When I first came to NDI as a Mandela Fellow and was introduced to its goals and activities, I realized that I had come to the right place to help me achieve my dream of changing Sudan. I founded an organization called Sudan Future Makers Organization (SFMO) in 2012. SFMO is a national network of youth-led sustainable development and business for peace projects, sharing a common vision of making the country a better place. Together we are attempting to remedy our country’s maladies, but there’s still a long way to go. My fellowship at NDI will allow me to study the situation in Sudan from a global perspective and plan future projects in creative and professional ways. We have many strategic questions for our next big moves in SFMO, with the help of the NDI team, I'm hoping to find some answers.

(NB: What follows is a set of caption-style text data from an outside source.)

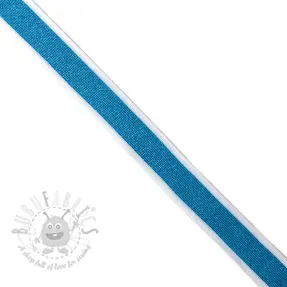 Trouser Side Stripe LUREX aqua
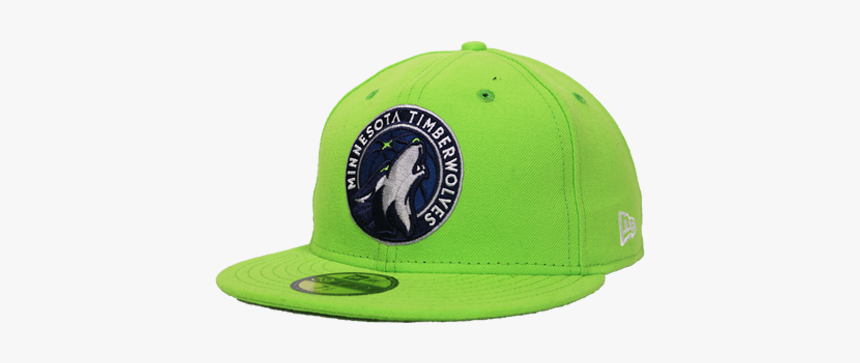Timberwolves Green Hat New Era, HD Png Download, Free Download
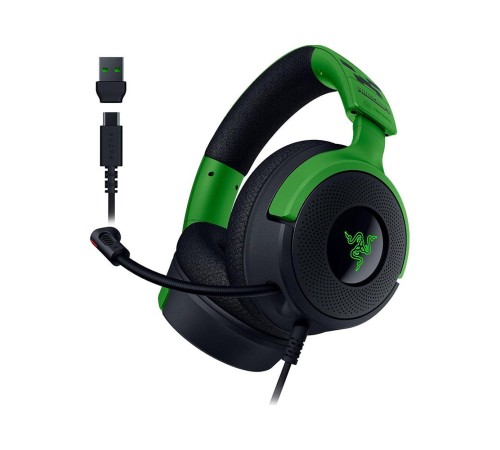 Гарнитура Razer Kraken V4 X - Minecraft Ed. Headset/ Razer Kraken V4 X Minecraft Ed. Headset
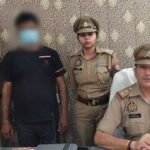 Accused Manoj Kumar Pathak, involved in blackmail and issuing threats, arrested; Police take strict action to prevent a breach of peace.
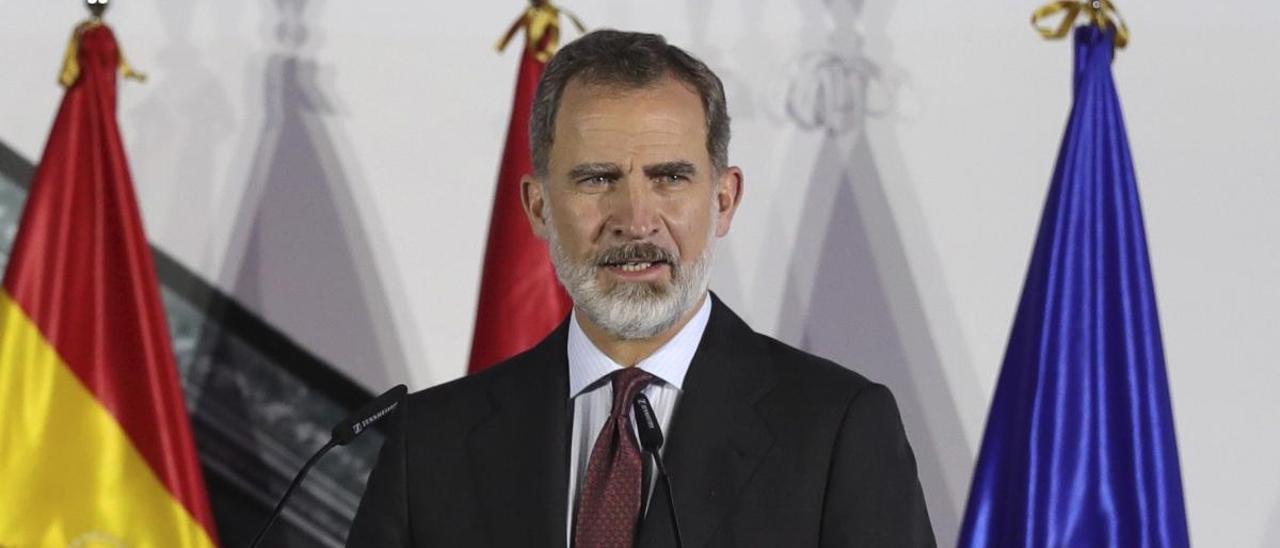 El rey Felipe VI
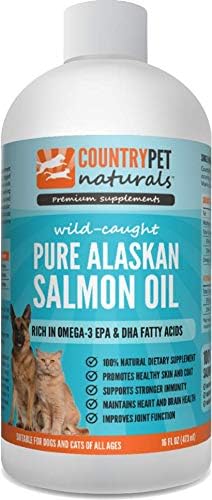 wild alaskan salmon oil dog food supplement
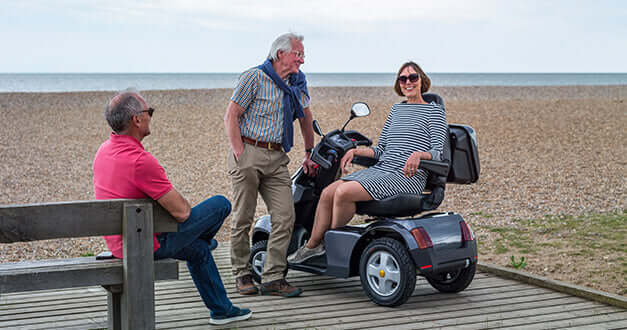 Afikim Afiscooter S4 Duo Touring Mobility Scooter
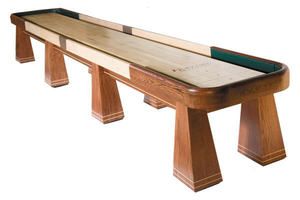 20' Venture Saratoga Shuffleboard Table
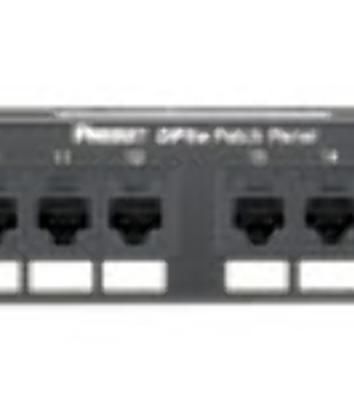 Патч-панель Panduit DP245E88TGY 19" 1U 24xRJ45 кат.5e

Sudan became independent from the Anglo-Egyptian colonization in 1956. Its administration was controlled mainly by the elite British foreign office, not by the military as with most other British colonies. The British left Sudan with a good, though limited, educational system. The University College of Khartoum (UCK), for example, was part of London University, a sister of its counterpart University College of London (UCL). Sudan Railways was the longest and most efficient in Africa and the Middle East, and Sudan Airways was one of the best in the developing world and the civil service was up to the British standards. The Gezira agricultural Scheme was the world’s largest irrigation scheme under one administration. Now all this has almost gone. But why?
After independence the Sudan entered a vicious circle of tribal, sectarian and religious strife that eventually led to a civil war, ultimately splitting the country into Sudan and South Sudan.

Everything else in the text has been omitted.